**Exercise directions:** Return the lines below in which the string "Shirt" occurs.

Stored items from a collection:

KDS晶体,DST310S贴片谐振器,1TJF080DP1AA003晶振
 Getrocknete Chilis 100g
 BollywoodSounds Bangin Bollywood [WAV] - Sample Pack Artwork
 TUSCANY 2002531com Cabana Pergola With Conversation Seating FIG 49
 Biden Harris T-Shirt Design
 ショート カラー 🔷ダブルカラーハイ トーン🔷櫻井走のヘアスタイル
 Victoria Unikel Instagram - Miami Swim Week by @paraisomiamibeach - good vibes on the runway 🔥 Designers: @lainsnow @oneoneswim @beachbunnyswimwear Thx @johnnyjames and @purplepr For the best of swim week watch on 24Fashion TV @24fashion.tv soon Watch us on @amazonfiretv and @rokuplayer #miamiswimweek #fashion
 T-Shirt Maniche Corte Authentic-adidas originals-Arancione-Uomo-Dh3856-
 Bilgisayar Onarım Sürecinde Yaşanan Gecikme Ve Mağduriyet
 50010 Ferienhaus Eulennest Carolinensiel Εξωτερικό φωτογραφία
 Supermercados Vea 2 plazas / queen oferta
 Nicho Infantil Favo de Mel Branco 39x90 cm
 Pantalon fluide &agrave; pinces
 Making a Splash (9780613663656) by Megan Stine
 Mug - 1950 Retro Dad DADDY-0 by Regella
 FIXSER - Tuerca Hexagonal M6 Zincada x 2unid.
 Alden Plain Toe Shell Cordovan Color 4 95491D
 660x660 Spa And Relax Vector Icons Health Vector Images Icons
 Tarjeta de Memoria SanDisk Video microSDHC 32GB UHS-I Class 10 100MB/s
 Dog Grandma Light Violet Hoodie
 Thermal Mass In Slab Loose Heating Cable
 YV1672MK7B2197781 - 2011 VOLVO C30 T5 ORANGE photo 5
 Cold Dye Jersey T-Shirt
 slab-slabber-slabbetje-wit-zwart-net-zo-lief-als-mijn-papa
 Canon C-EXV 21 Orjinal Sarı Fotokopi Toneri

**Finished task:**
 Biden Harris T-Shirt Design
 T-Shirt Maniche Corte Authentic-adidas originals-Arancione-Uomo-Dh3856-
 Cold Dye Jersey T-Shirt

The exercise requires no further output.